■ Material shown:
=== Begin Enclosure ===

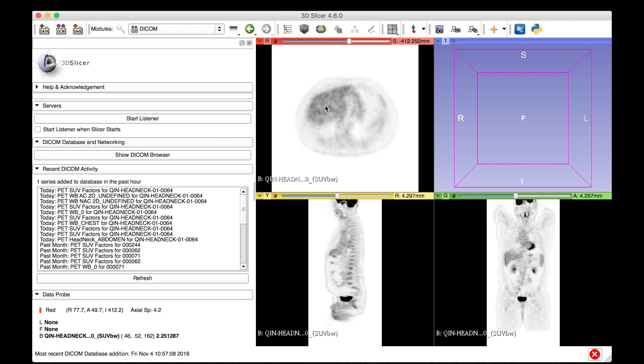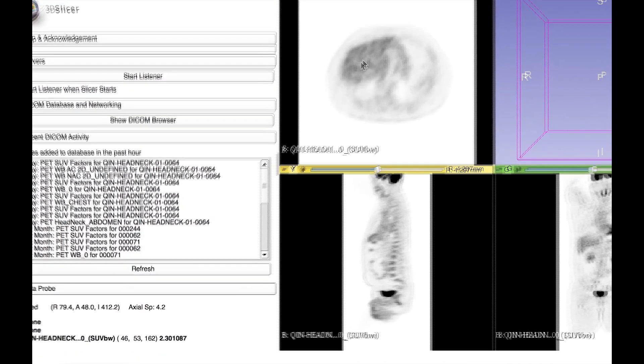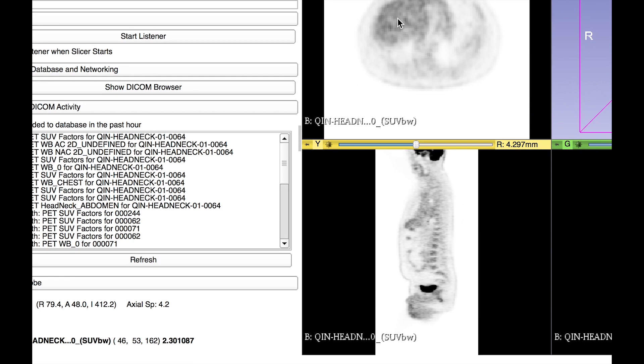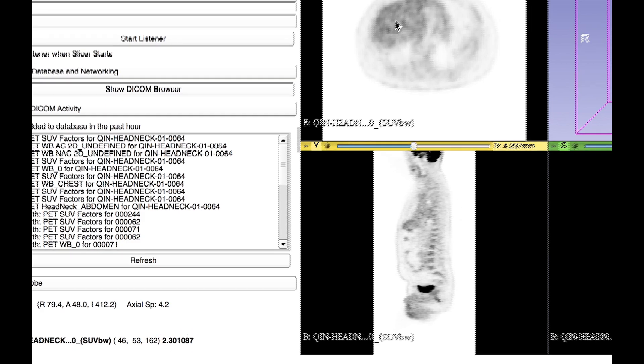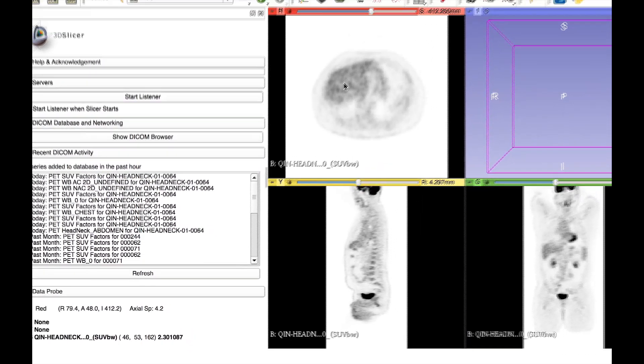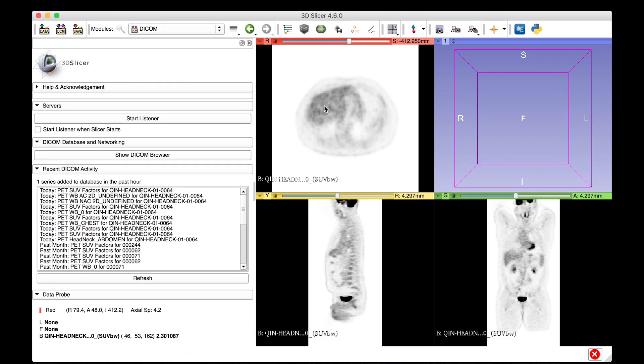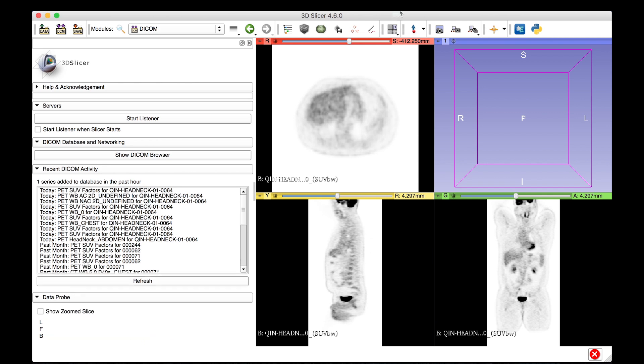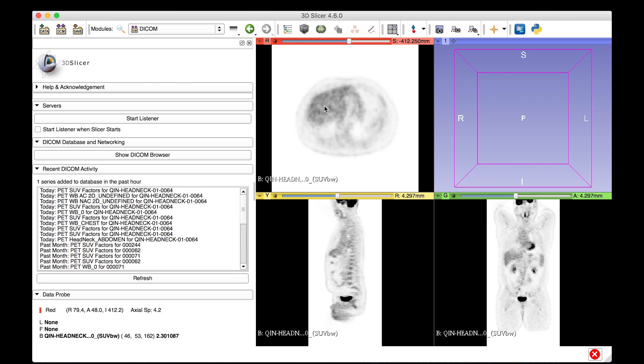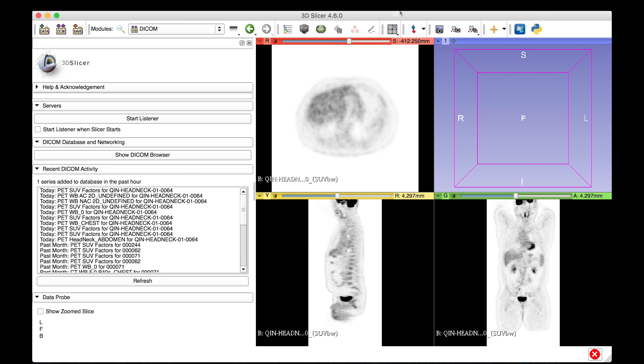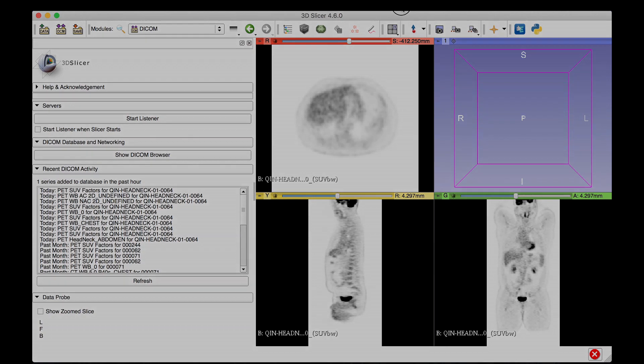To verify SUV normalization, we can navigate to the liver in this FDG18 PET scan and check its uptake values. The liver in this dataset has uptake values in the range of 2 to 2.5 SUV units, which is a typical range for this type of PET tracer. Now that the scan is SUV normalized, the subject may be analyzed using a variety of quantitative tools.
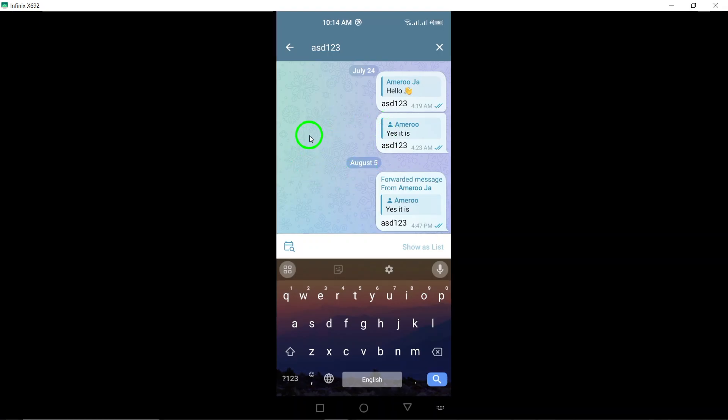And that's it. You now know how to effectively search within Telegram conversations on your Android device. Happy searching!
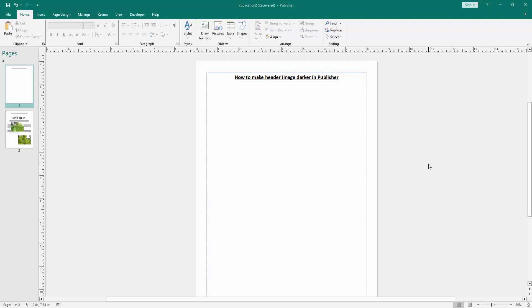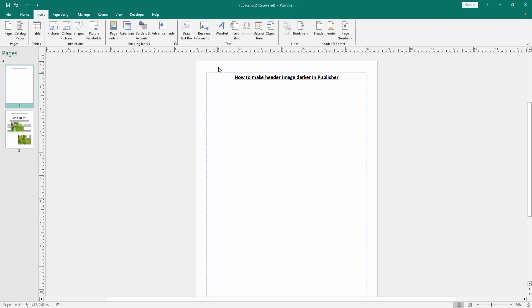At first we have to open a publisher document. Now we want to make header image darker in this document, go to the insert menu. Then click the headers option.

=== End Enclosure ===
=== Begin Enclosure ===

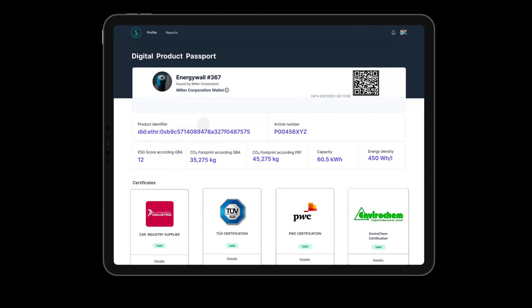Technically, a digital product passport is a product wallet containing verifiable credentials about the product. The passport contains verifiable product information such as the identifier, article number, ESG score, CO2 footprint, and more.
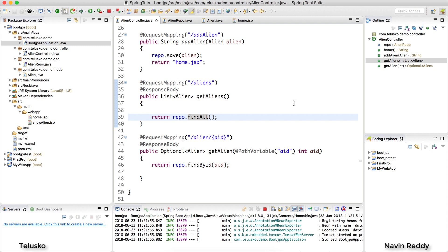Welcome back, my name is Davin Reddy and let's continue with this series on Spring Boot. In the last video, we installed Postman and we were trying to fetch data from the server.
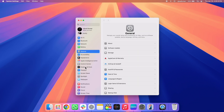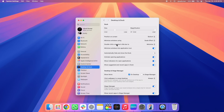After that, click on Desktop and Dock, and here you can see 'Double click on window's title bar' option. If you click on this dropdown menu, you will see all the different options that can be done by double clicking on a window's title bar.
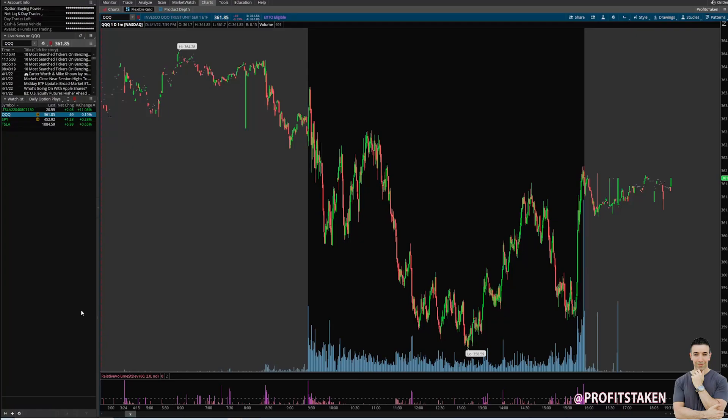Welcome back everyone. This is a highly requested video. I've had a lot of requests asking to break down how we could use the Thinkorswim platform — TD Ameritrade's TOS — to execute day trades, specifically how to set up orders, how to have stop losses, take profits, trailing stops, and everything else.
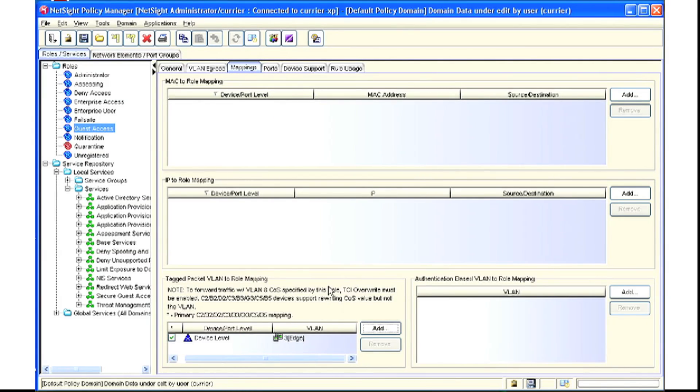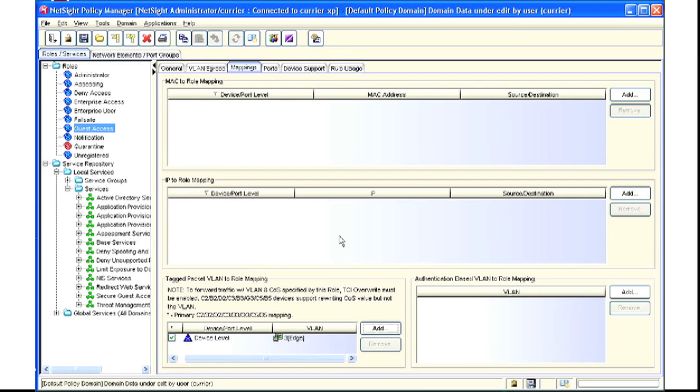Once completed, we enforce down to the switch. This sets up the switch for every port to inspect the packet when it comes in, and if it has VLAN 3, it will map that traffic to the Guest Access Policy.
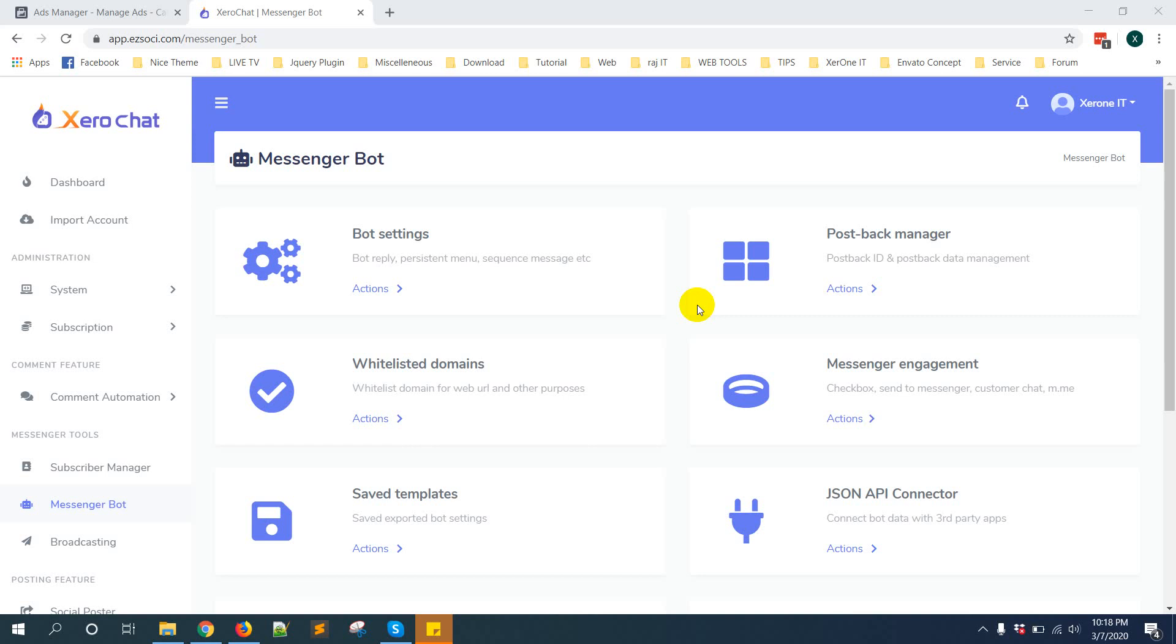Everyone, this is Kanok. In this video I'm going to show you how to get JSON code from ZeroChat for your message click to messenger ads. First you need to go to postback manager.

=== End Enclosure ===
=== Begin Enclosure ===

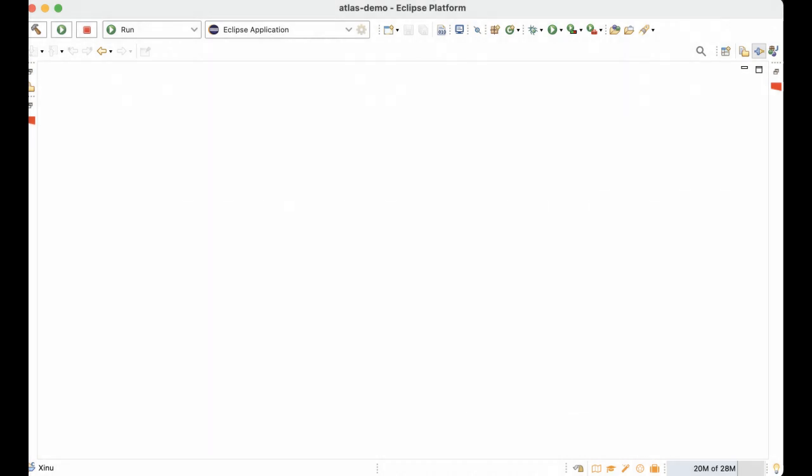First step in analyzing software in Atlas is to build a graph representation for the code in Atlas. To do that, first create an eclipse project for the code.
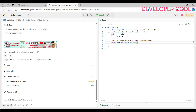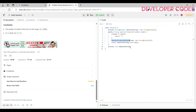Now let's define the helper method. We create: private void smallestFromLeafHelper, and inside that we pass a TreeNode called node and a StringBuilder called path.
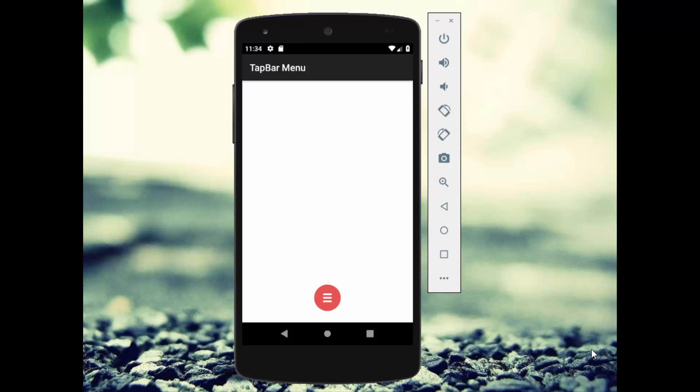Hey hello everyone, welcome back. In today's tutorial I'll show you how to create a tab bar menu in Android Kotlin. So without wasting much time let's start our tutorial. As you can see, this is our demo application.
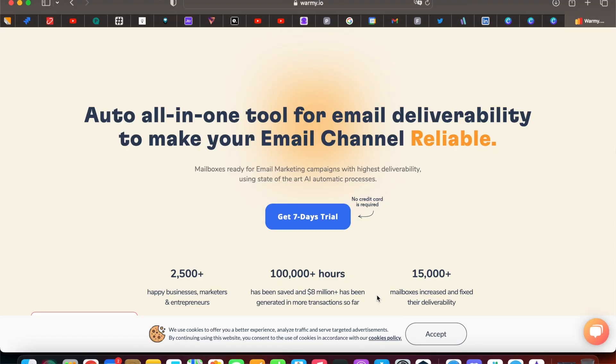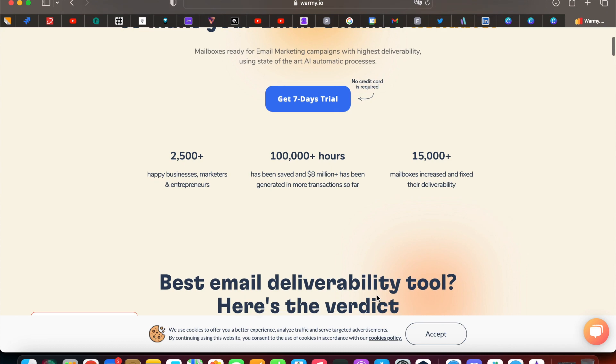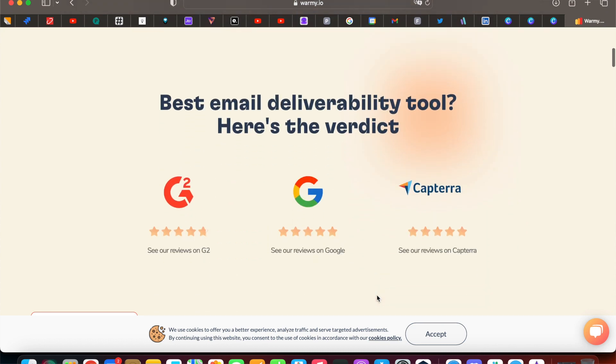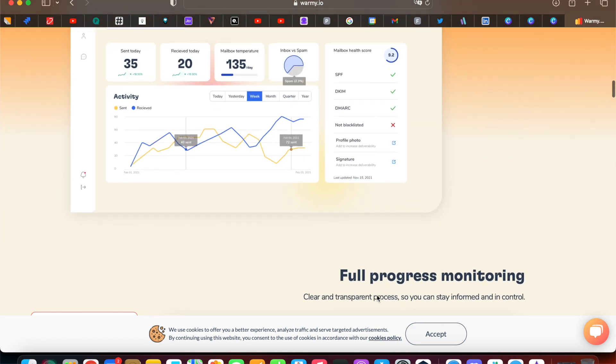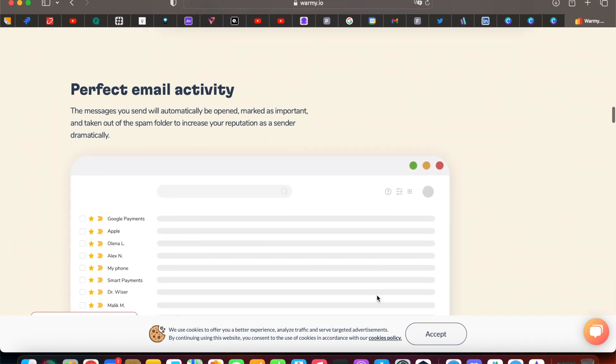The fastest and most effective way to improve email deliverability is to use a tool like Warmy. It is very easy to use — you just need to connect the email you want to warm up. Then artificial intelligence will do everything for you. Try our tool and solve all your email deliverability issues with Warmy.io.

=== End Enclosure ===

What's needed is an exact copy of the lines above from the one with "Technically, a digital" through the one with "After that, click", both included; the pictures stay out.

■ Response to the exercise:
Technically, a digital product passport is a product wallet containing verifiable credentials about the product. The passport contains verifiable product information such as the identifier, article number, ESG score, CO2 footprint, and more.
Welcome back, my name is Davin Reddy and let's continue with this series on Spring Boot. In the last video, we installed Postman and we were trying to fetch data from the server.
After that, click on Desktop and Dock, and here you can see 'Double click on window's title bar' option. If you click on this dropdown menu, you will see all the different options that can be done by double clicking on a window's title bar.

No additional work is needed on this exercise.